My grandfather had a tremendous amount of confidence. At my first paid magic show, for a small hotel owned by a friend of his, he introduced me as “an up and coming magician direct from New York City!” I was eleven and knew a couple card tricks. It taught me that perception matters, and you need to give the audience permission to respect you as a performer. That’s a skill that I’m still developing.
Who are your modern-day mentors?
I’m not extremely involved in the magic community. Most of my inspiration comes from outside magic. But Mac King has a show in Vegas that I saw as a child. If there was ever a moment that made me want to do this for a living, it was that show.
What is your favorite thing about being an entertainer?
The audiences! In my working repertoire, I have effects that I’ve been doing for over 10 years. Like all jobs, there are moments that can feel repetitive. But by always interacting with different people, I’m constantly on my toes. I would hate to do the same exact set every night, so I’m very thankful that people are, in general, so odd and unpredictable.

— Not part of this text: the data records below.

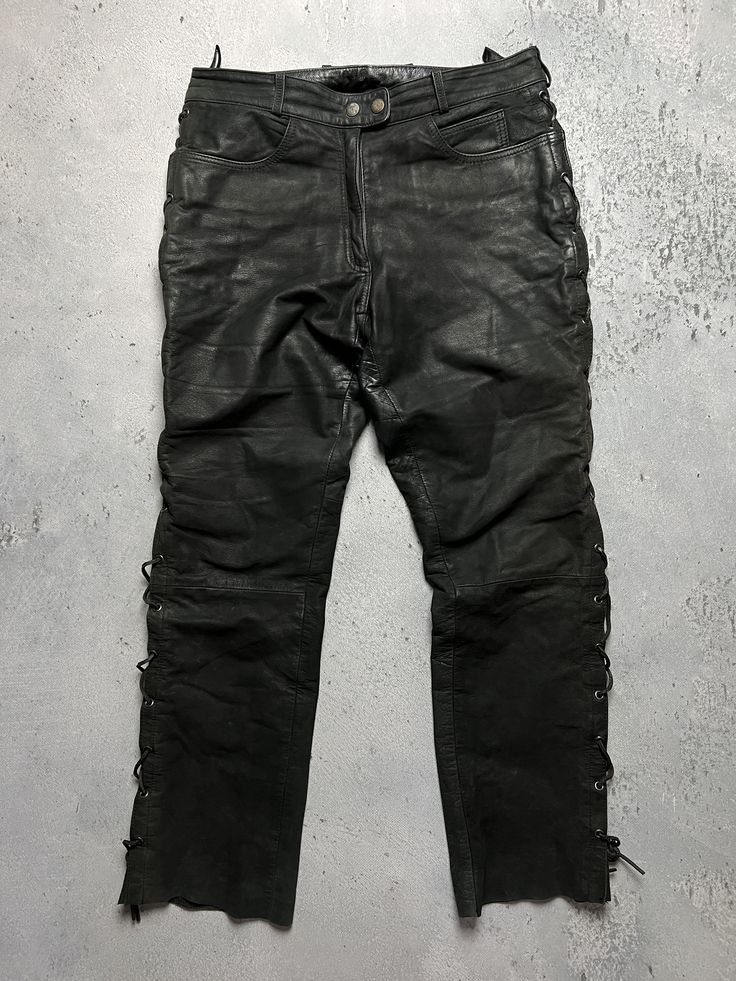 Genuine Real Leather Highway 1 Pant Vintage Rock Punk Racing Size Men's / US 32 / EU 48 Color Black Condition Gently Used vintage leather pant solid piece high quality leather The material is pleasant to the body. In a good condition. Fast sending! Size fits M (see measurements) Condition : 8/10 Length - 102 cm Waist - 43 cm Inseam - 79 cm Leg Opening - 20 cm Front Rise - 29 cm - FOLLOW MY STORE - SEE MY OTHER ITEMS Fitted Leather Gothic Pants, Punk Leather Pants For Biker Events, Gothic Black Leather Pants With Belt Loops, Black Gothic Leather Pants For Streetwear, Gothic Black Leather Pants, Black Gothic Leather Pants, Punk Leather Pants For Streetwear, Biker Style Leather Pants For Streetwear, Black Punk Leather Pants For Biker Events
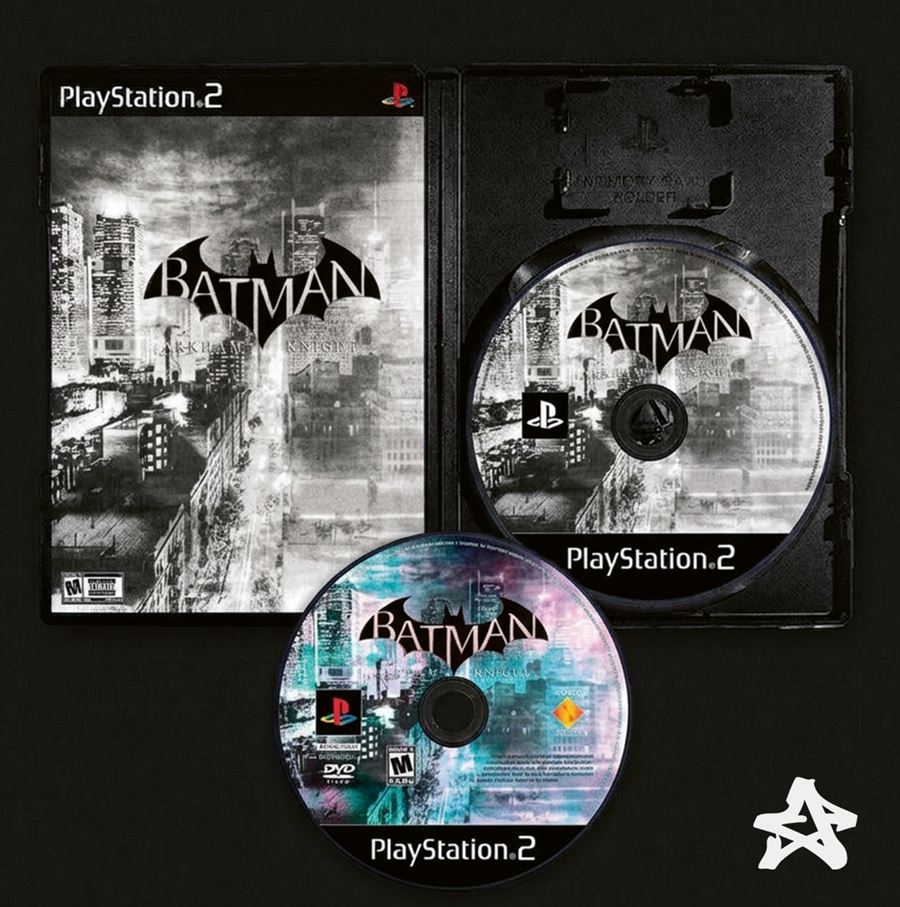 Un boîtier de PlayStation 2 ouvert : la jaquette Batman en noir et blanc glissée à gauche, deux disques du jeu posés à droite.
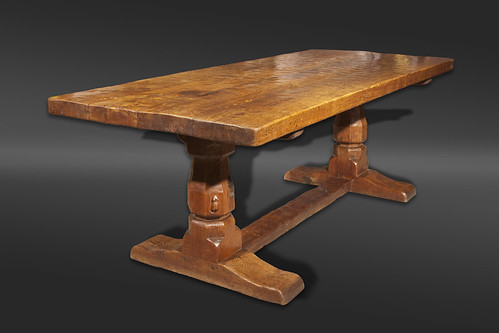 An oak refectory table by Robert Thompson of Kilburn, better known as The Mouseman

You offer Magic camps? Where can we sign up?
This summer I’m not personally working many camps because my performance schedule is so hectic. But for any kids looking to get a start, I’m in close contact with all the instructors at Future Stars Camps, and I usually pop in for a day or two to talk with the kids. They have a great program with several locations over the summer.
What is your most beloved magic trick?
I think it depends on my mood. Right now, it’s an effect in Nothing Here Is Real that combines a true story about my grandparents with some props that were used earlier in the show. As I approach that moment in the show, I feel everything coming full circle just before the audience does, and I get really excited.
What big adventure/s would you still like to tackle in your life time?
Right now, my wife and I have a four year old and a one year old. Raising them is the biggest and greatest adventure I’ve tackled, and it doesn’t leave much room for others! But eventually, I’d like to bring my show to other parts of the world.
Gary Ferrar (Creator, Performer) draws on his love for theater and improvisation in more than 300 performances each year, from live national TV appearances on Fox News, to performing for Howard Stern, Sharon Osbourne, and Howie Mandel on Season 7 of “America’s Got Talent.” Clients like Google, Facebook, and Spotify have all called on Gary to produce entertainment that is both theatrical and mind-blowing for corporate events, product launches, and digital marketing campaigns, such as Buzzfeed’s “Drunk Magic” video, which has been viewed over one million times. Gary has served as a magic consultant for television commercials for Samsung and as a publicity consultant for Lionsgate’s Now You See Me franchise. In addition to performing, Gary has lectured for the oldest magic society in the U.S. and provides private lessons on magic theory for celebrities and influencers such as Ivanka Trump and Ralph Lauren.